Three European auto brands – General Motors’ Saab and Opel, and Ford’s Volvo – have effectively been put on the block in recent weeks as the U.S. auto giants try to cut costs and restructure.
A Geely bid for Volvo would be an unusual and risky move for a Chinese auto maker to take advantage of the global downturn and leap forward with its international ambitions.
Chinese companies have made a string of investments in natural resources, but so far have largely avoided buying major assets in other industries such as finance and manufacturing, despite often fire-sale prices.
Chinese auto companies have acquired foreign assets in the past – with mixed success – but never on Volvo’s scale. Last week, Chen Bin, a senior official with the National Development and Reform Commission, China’s main economic planning agency, publicly warned about the risks that acquiring a struggling foreign auto concern would pose for Chinese car makers.
“We need their technology, brands, talent and sales networks,” he said, referring to foreign car makers. But “it will be a very big challenge for Chinese companies to stabilise the operations of foreign auto makers and to maintain growth.”

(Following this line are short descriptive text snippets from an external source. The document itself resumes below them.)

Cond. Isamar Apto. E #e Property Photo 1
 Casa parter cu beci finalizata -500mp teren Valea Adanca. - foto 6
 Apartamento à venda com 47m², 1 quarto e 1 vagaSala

If its planned bid is successful, Geely intends to maintain Volvo as an international brand, rather than turn it into a brand more focused on China, said one of the two people familiar with the matter. However, Geely might shift some of Volvo’s production to China to take advantage of China’s less-expensive labour and reap other benefits.
Geely has begun working with a U.S.-based consulting firm to put together a list of possible managers to run Volvo under Geely ownership, one of the two people said.
Last year, Volvo’s U.S. sales fell almost 32 per cent. It also saw declines in its market share in the U.S. and Europe. The Swedish brand posted a $US736 million operating loss in the fourth quarter. As part of its restructuring, Volvo trimmed one-fourth of its work force by the end of last year.
Ford earlier this year began asking companies that may want to bid for Volvo to identify themselves. The people familiar with the process said it has evolved far enough for Ford to accept offers that the company is ready to compare.